# High passes back to Marrakesh.



## tony_g (Sep 13, 2010)

I am currently still heading south in Morocco at Midelt (about a day behind Peejay, I think). Looking ahead, it seems most people head over the Tizi N Tichka Pass north of Ait Benhaddou when turning for Marrakesh. However, I am wondering whether it is possible to take a van over the next pass west, the Tizi N Test through Asni. Does anyone have any advice?
:?: :?: :?:


----------



## oldtart (Mar 18, 2006)

Hi Tony. 

We have done both passes.

The Tiz N Test is definitely more challenging and should only be taken in very good weather. The road is narrower and there is not as much protection as the Tizi and Tischa.

We did it in our Marquis Mirage on September 16th. 2009 on the Discovery Tour with Desert Detours. I wrote in my diary that there were spectacular views, high mountains with kasbahs and villages on the sides of these mountains. Also that we were very fortunate that we did not meet much on coming traffic!!!

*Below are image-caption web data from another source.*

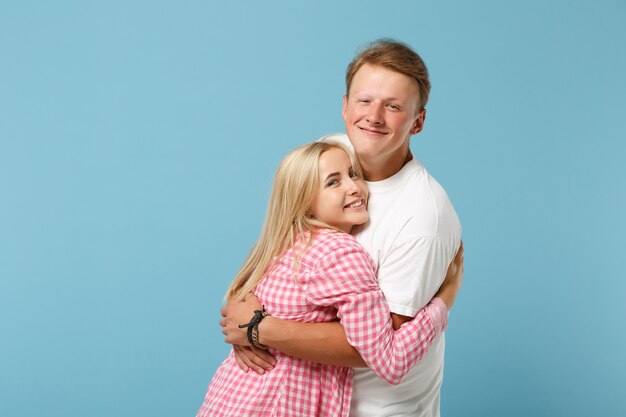 Young cheerful couple two friends guy girl in white pink empty blank design t-shirts posing 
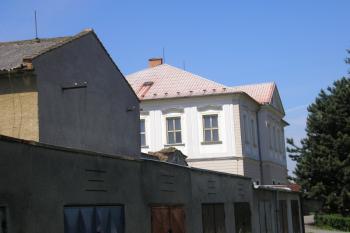 pohled od východu na hospodářskou budovu, bývalý vjezd do dvora a zámek ( © Ondřej Štěpánek 06/2006)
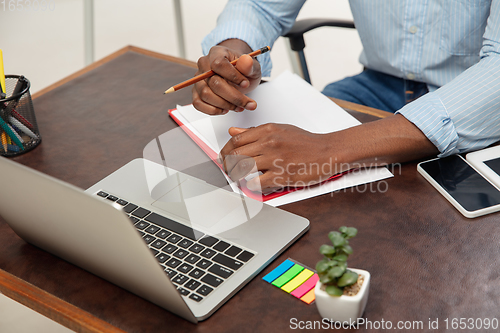 Image of Online english courses at home. Close up hands of man during teaching students remotely in interior of living room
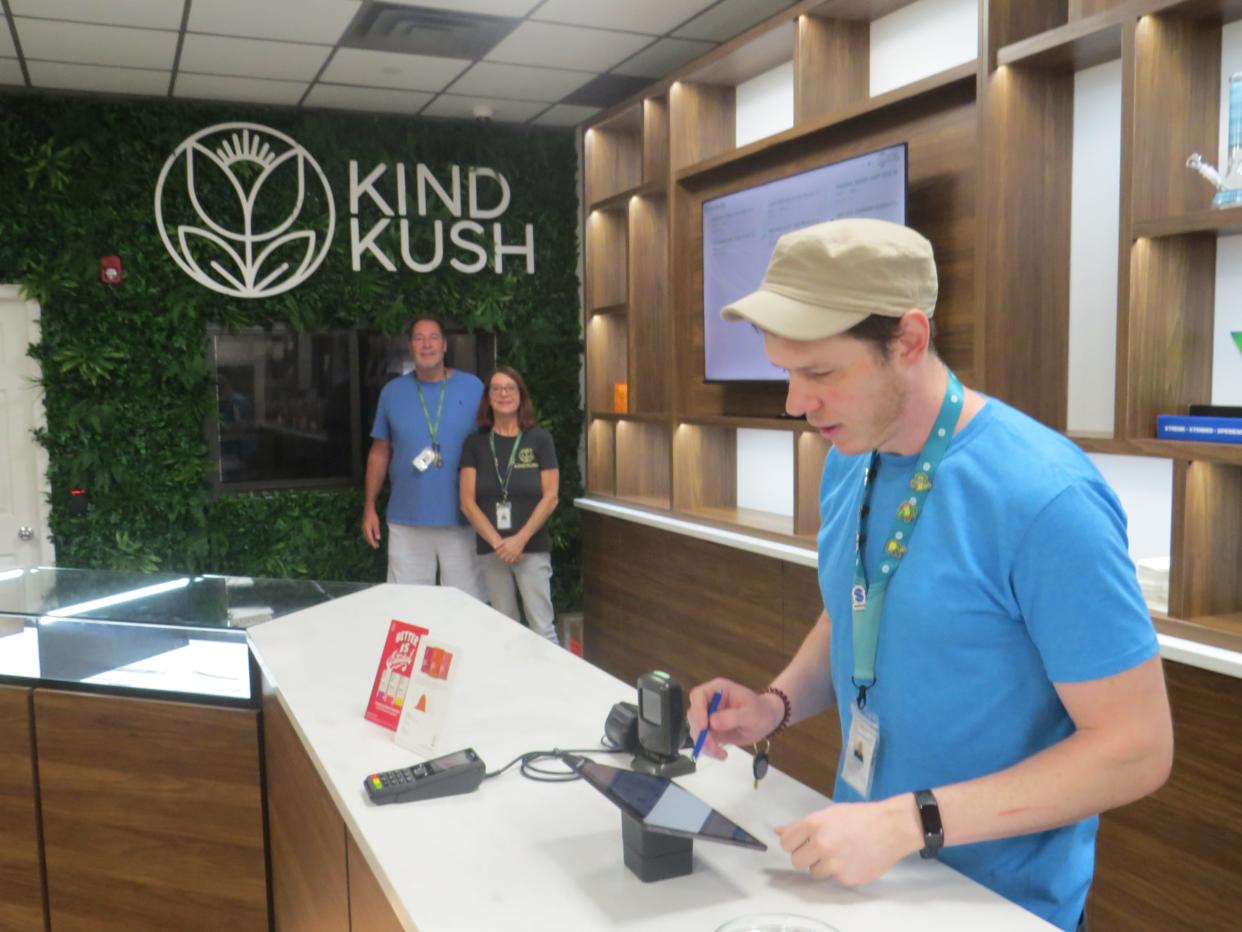 Kind Kush opened in Rockaway on August 19. Owner Jimmy Rogovich, back left, and "budtender" Debbie Mereau observe as store manager Bill Weber rings up a sale. Morris County's first legal retail cannabis dispensary officially opened in the borough on August 19.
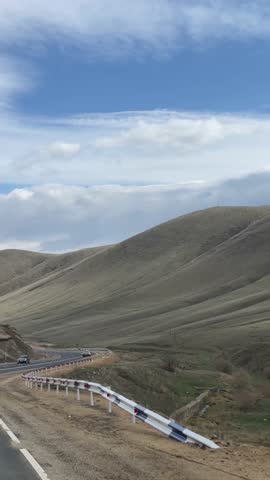 Scenic winding mountain road with cars under a cloudy sky, showcasing vast, rolling hills and distant horizons. A journey through a tranquil, expansive landscape.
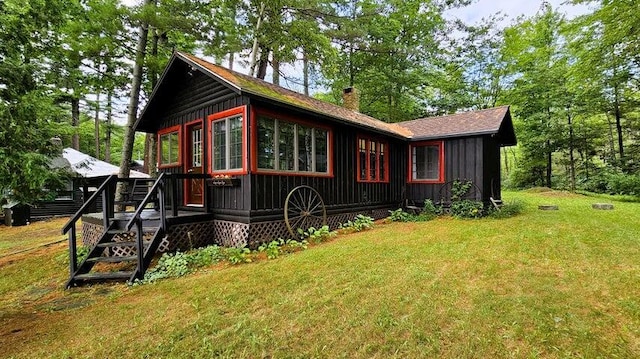 view of property exterior with a lawn, a chimney, board and batten siding, and a deck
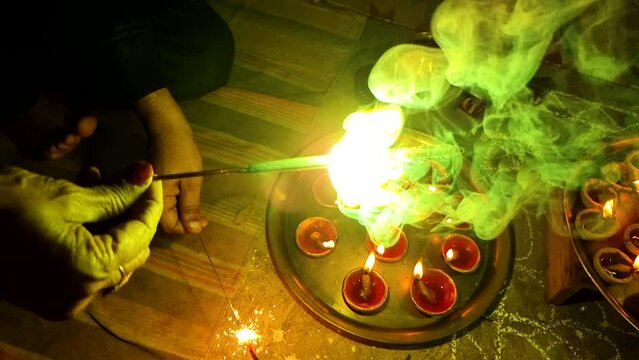 Super slow motion shot showing Phuljadhi, sparklers giving smoke and pollution with earthenware oil filled lamps in the background showing the celebration of diwali dussera hindu festival of light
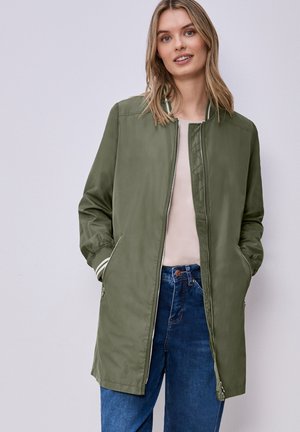 Donna bionda che indossa una lunga giacca verde oliva con zip, una maglia beige chiaro e jeans blu, in piedi con le mani nelle tasche davanti a uno sfondo semplice.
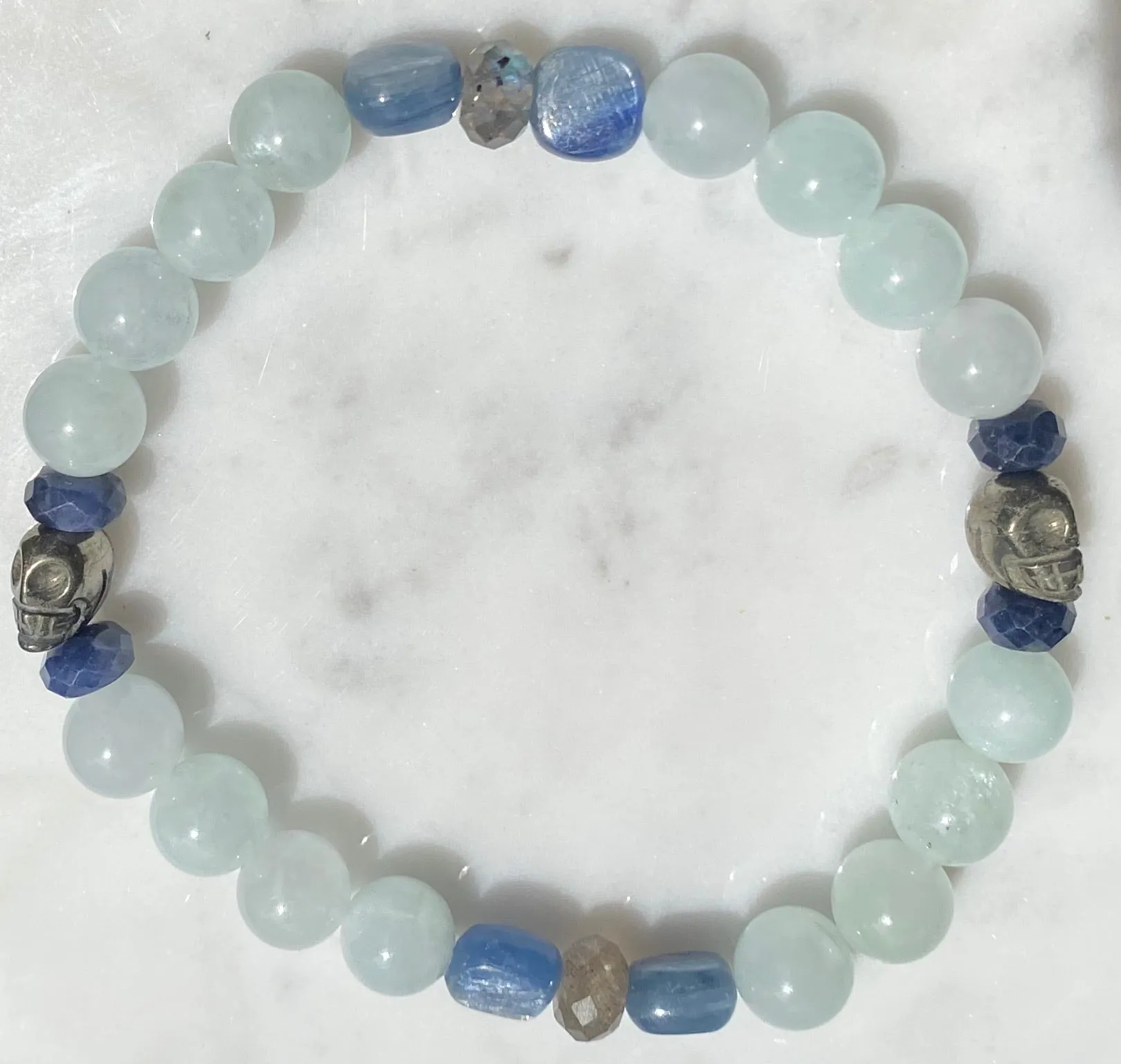 Aquamarine, labradorite, blue sapphires, pyrite skull, and kyanite gemstone bracelet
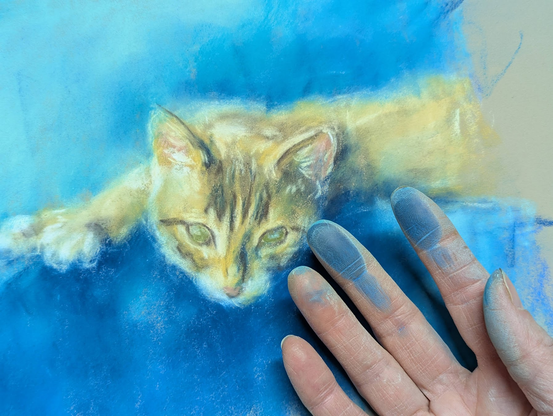 An almost finished soft pastel painting of a brown tabby cat on a blue background along with the painter's hand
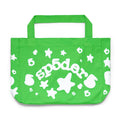 Green 8oz twill Beluga tote bag with white "sp5der" puff print, stars, and "6" graphics.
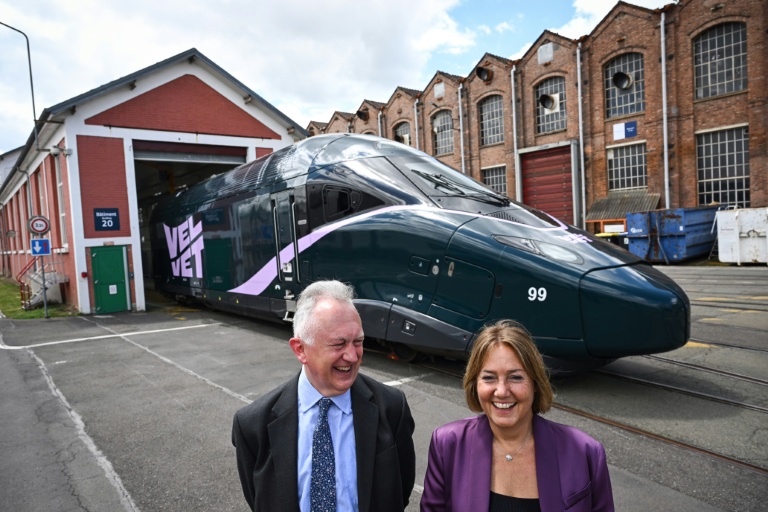 Rachel Picard (D) et Timothy Jackson, cofondateurs de la compagnie ferroviaire privée française Velvet, posent devant l'une des locomotives de leur entreprise à l'usine Alstom de Belfort, dans l'est de la France, le 27 juin 2025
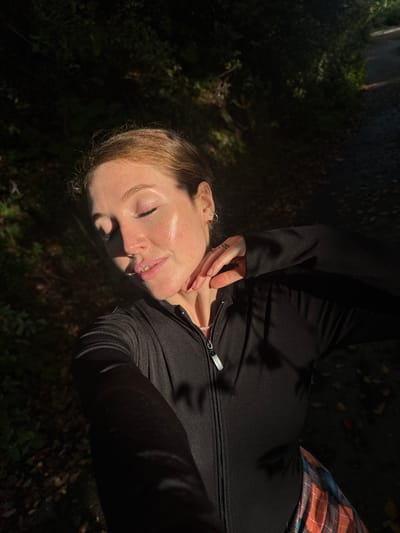 A woman is lying on the ground outside. She is wearing a black long-sleeve zip-up jacket and a brown plaid skirt. Her hand is raised towards her face. The surrounding ground is covered in leaves and shadowed by trees. The location is presumably a natural area but not identifiable within Tsanbaikwara, Abkhazia, from the visual information.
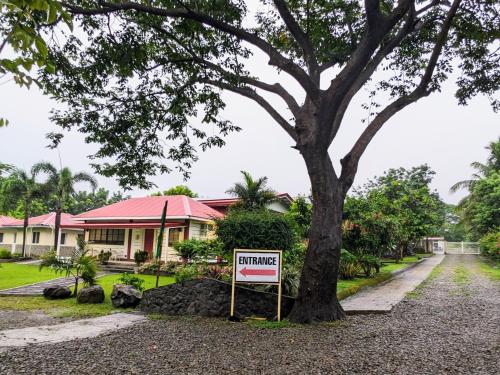a house with a sign in front of a tree at VistaBerge - Private, Nature, History in Bagac
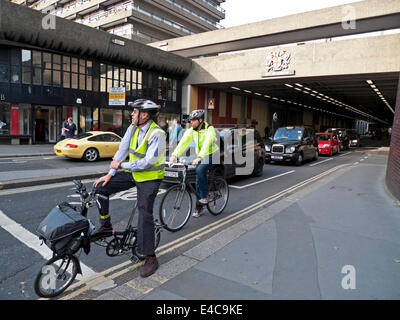 Businessmen men office workers commuters wearing helmets cycling home after work waiting on bikes for traffic lights Barbican London UK  KATHY DEWITT Stock Photo
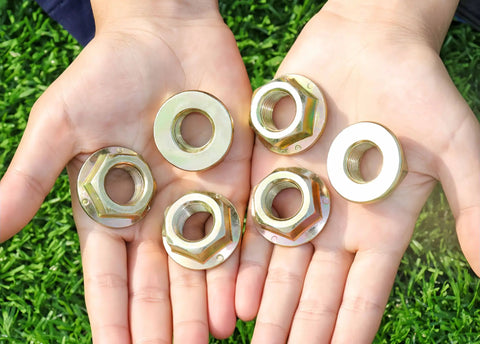 Heavy Duty Hex Flanged Spindle Blade Nuts Engineered For Slick Hella Smooth Operation On Cub Cadet Mtd Toro And Troy Bilt Zero Turn Mowers Providing Killer 5/8 Inch 18 Thread Fitment Two Pack displayed in hands.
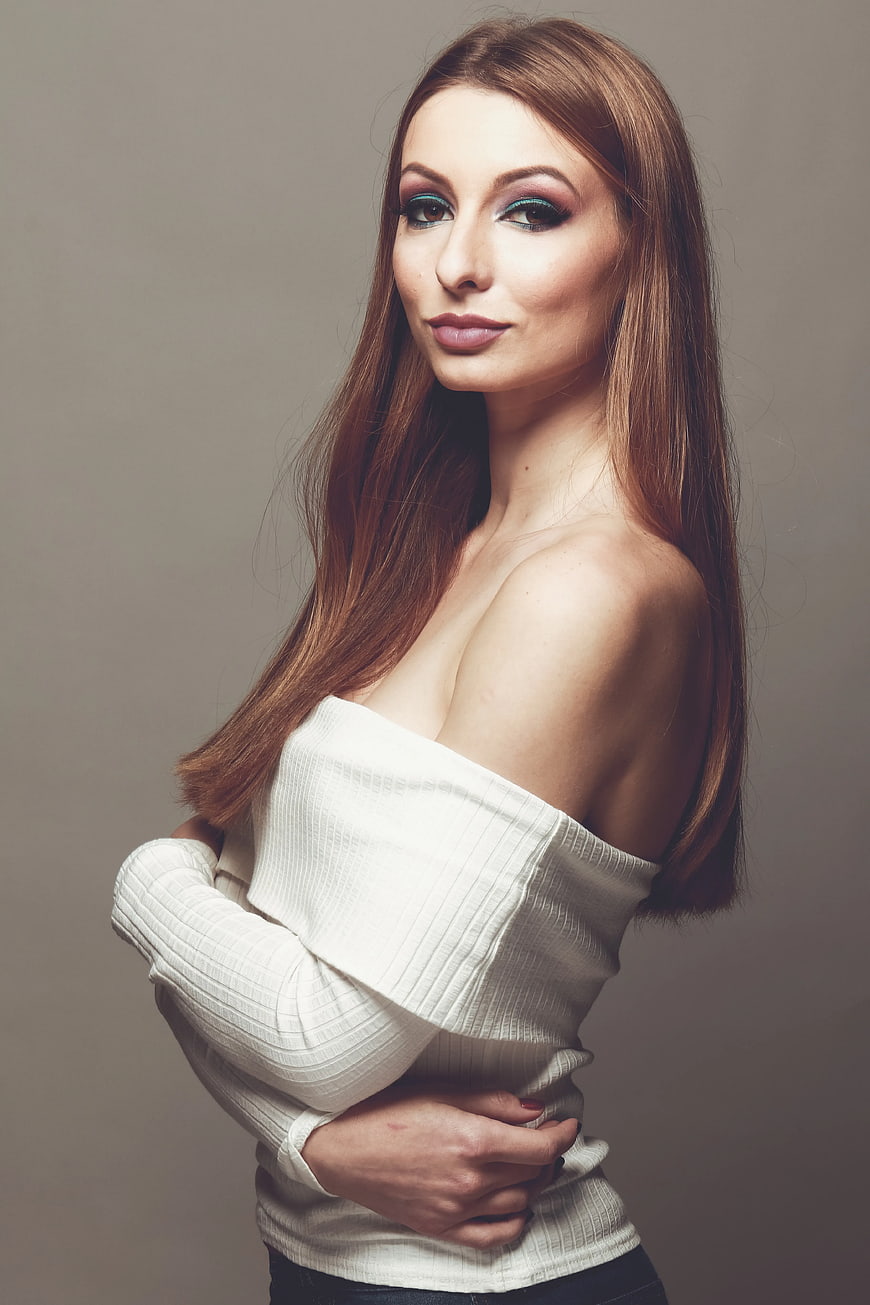 Portrait of Woman with Blue Eyeshadow in White Top
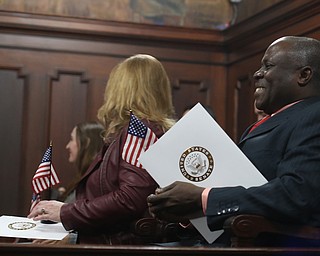Joseph Tetteh Odonkor holds his new flag during a naturalization ceremony, Thursday, Jan. 24, 2018, at the Mahoning County Courthouse in Youngstown...(Nikos Frazier | The Vindicator)
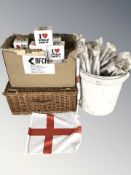 A quantity of England flag car pennants, further boxed mugs, wicker hamper.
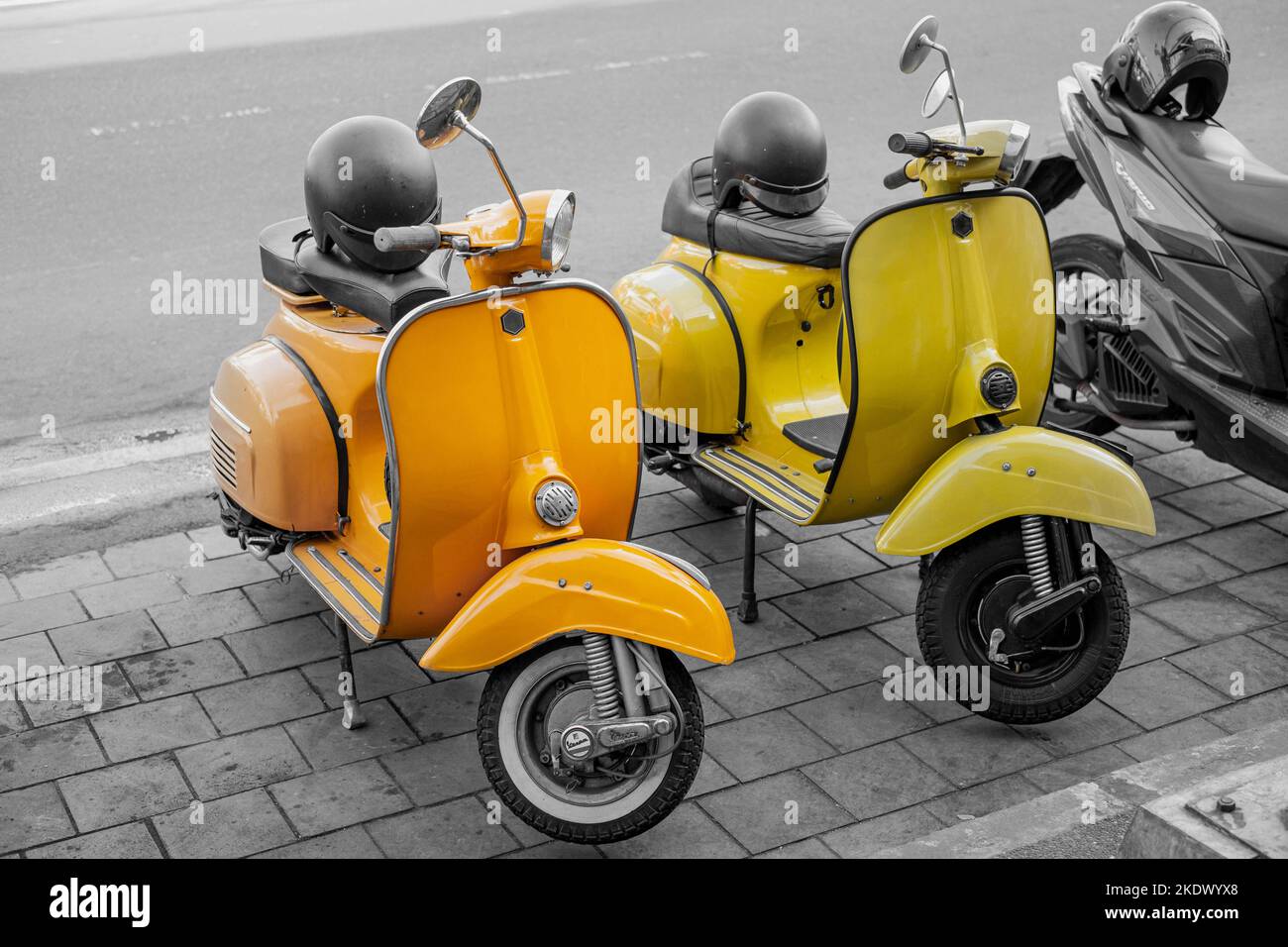 Yellow and orange vintage scooter motorcycle while the other objects are monochrome or black and white or desaturated Stock Photo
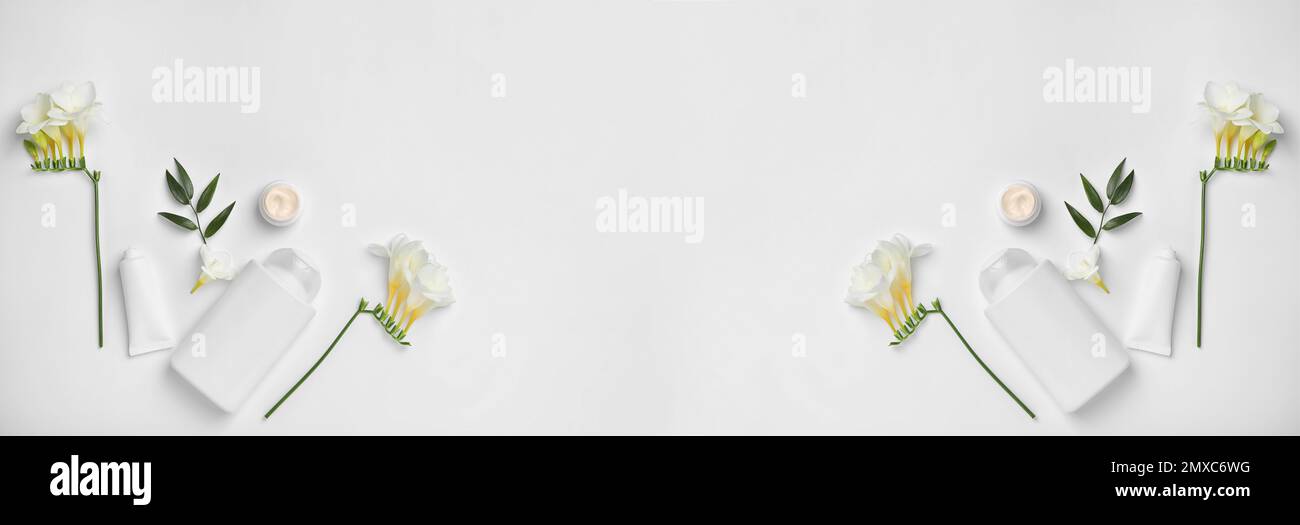 Flat lay composition with cosmetic products on light background, space ...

the highlight of the journey was the Tin Mal Mosque at Mzouzite. I wrote in my diary that it is being restored by the UNESCO world heritage fund. It is on the left presuming that you are going towards Marrakesh. It is Closed on Fridays. I read about it in one of the guide books, I think. The architecture is amazing and there is a lot of history to it. 

Val


----------